Thursday, November 1, 2012

From Agnes to Sandy: How we cover a hurricane

Our staff at a news site in Pottstown where the Philly suburbs complete their turn to rural Pennsylvania rarely covers a hurricane. We have our share of flooding on the Schuylkill River and large creeks -- Perkiomen, Manatawny, French Creek  -- and sometimes the effects of hurricanes have been involved.
Last year, Irene caused some evacuations and flooding of the Perkiomen at Collegeville and Graterford. We had some Floyd-aftermath flooding in 1999, and I remember writing headlines about the approach of Gloria some years back.
But for full-fledged hurricane reporting, we have to go back 40 years to Hurricane Agnes.
Until this week and Sandy.
Like Agnes in June, 1972, Sandy set her sights on New York and New Jersey, and slammed Pennsylvania in-between with gale-force winds and drenching rain.
The AP reported winds reached 81 miles per hour in Allentown; Hanover, Pa. got 8.15 inches of rain.
Twelve deaths were reported in Pennsylvania, several of them from carbon monoxide poisoning from generators.
In our area, a 62-year-old man was killed when a tree crashed through his porch roof while he was taking the dogs out.
The biggest difference between reporting a hurricane and reporting some after-effects like flooding is the breadth of the storm and the dangers to ourselves.
When I send reporters over to South Pottstown to report on damage to the homes along the Schuylkill River, I tell them to wear boots, protect cameras and stay out of deep water.
But on Monday with Sandy "looming large," the warnings were more stern. We put a plan in place to keep paginators and online producers at home, as long as their power lasted. We bought car chargers for laptops; put fresh batteries in flashlights; kept cell phones fully charged.

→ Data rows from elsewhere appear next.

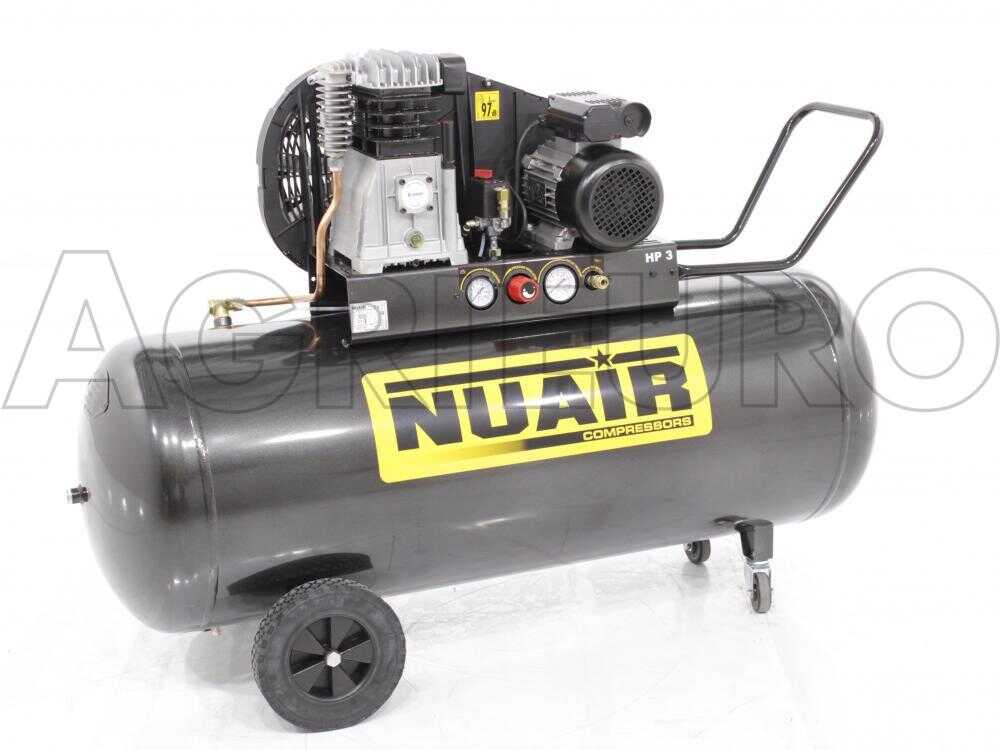 Nuair B 3800B/3M/200 TECH - Elektrischer Kompressor mit Riemenantrieb - Motor 3PS - 200Lt – Bild 4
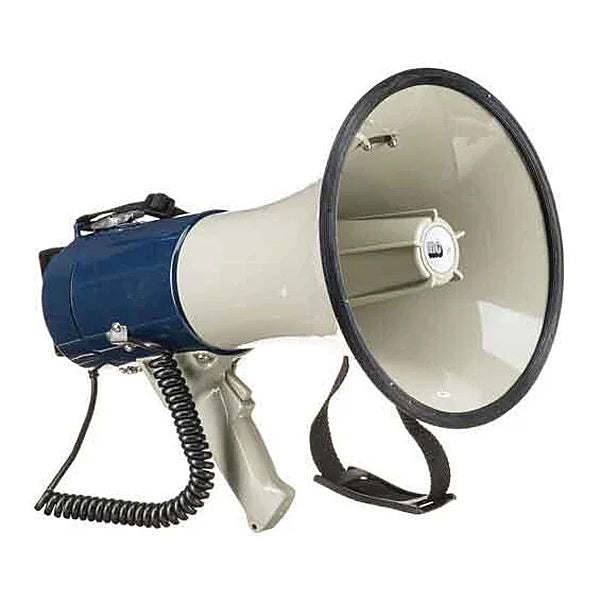 25 Watt Piezo Dynamic Megaphone with Hand Held Microphone Front View Imag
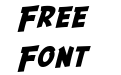 SF Comic Script Bold SF Comic Script Bold
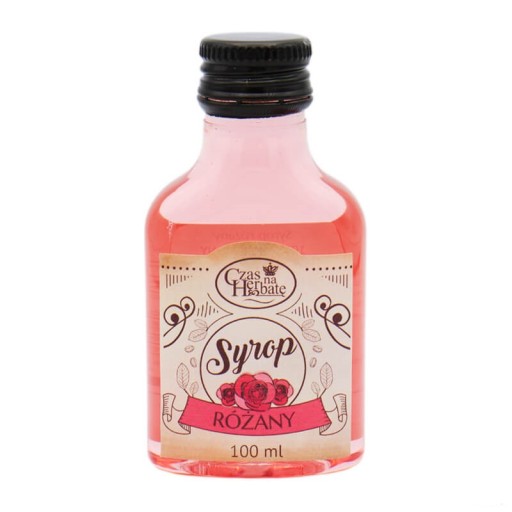 Prírodný RUŽOVÝ sirup do kávy a dezertov 100ml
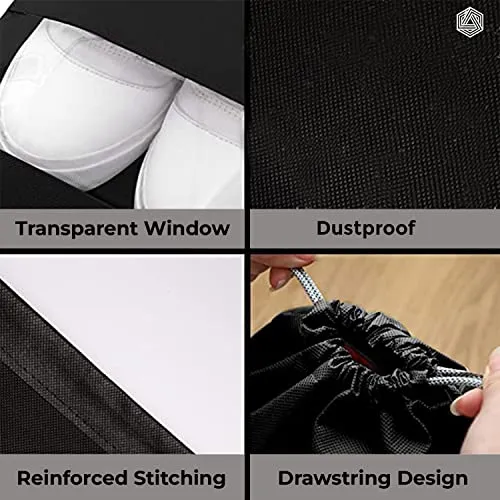 Boldfit Shoe Bag for Travel & Storage Travel Organizer for Women & Men Travel Accessories Shoe Organizer Shoe Bags Pouches Travel Shoe Cover for Travelling Travel Essentials - Pack of 6 Shoe Pouch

Reporters and photographers and two editors were in the office, coordinating coverage. We planned a front page by phone, brainstormed headlines like we always do, but in phone and email instead of in person. We kept website, Facebook, Twitter and mobile sites up to date.
By 8 p.m. Monday night, we closed up at the offices and drove home just as the wind speeds were picking up. Two people were on alert to go out overnight if they got word of a water rescue, fire or building collapse. The message was: Don't go out for flooding or wind damage. That can wait until daybreak. Don't risk going out in this wind unless it's a disaster that demands immediate reporting.
By Tuesday, many of us had lost power in our homes, but The Mercury did not. Neither did the offices of our sister sites in the Philly cluster, except Montgomery Media and a portion of the Delco Daily Times building.
To be sure, not all systems were working perfectly due to the devastation Sandy caused around us, in New York City and the Jersey shore. But for the most part, we could work.
The greatest damage here were giant trees uprooted, wires down and limbs everywhere. Fortunately, none of our staffers suffered damage to their homes except for some damaged gutters and broken tree limbs. The inconvenience of losing cable or Internet or lights and TV is minor compared to what we witnessed at the beach and in New York City.
Ironically, Sandy stormed our way the year of the 40th anniversary of Agnes and a recap of that coverage. There was no comparison to the devastation caused by Agnes, but the approach was the same.
When we pulled out the old Agnes papers for research last summer, we noticed there were no bylines in those editions, just a box that said everyone on staff contributed to everything they produced.
That's how The Mercury covered a hurricane 40 years ago.
With a bit of sarcasm and some silliness, our staffers like to say "there's no I in team." (I won't repeat the second half of their slogan about three "u"s.) 
That's how we covered Sandy, and why it was different than a normal storm. 
The bylines don't matter in a hurricane; the team effort does.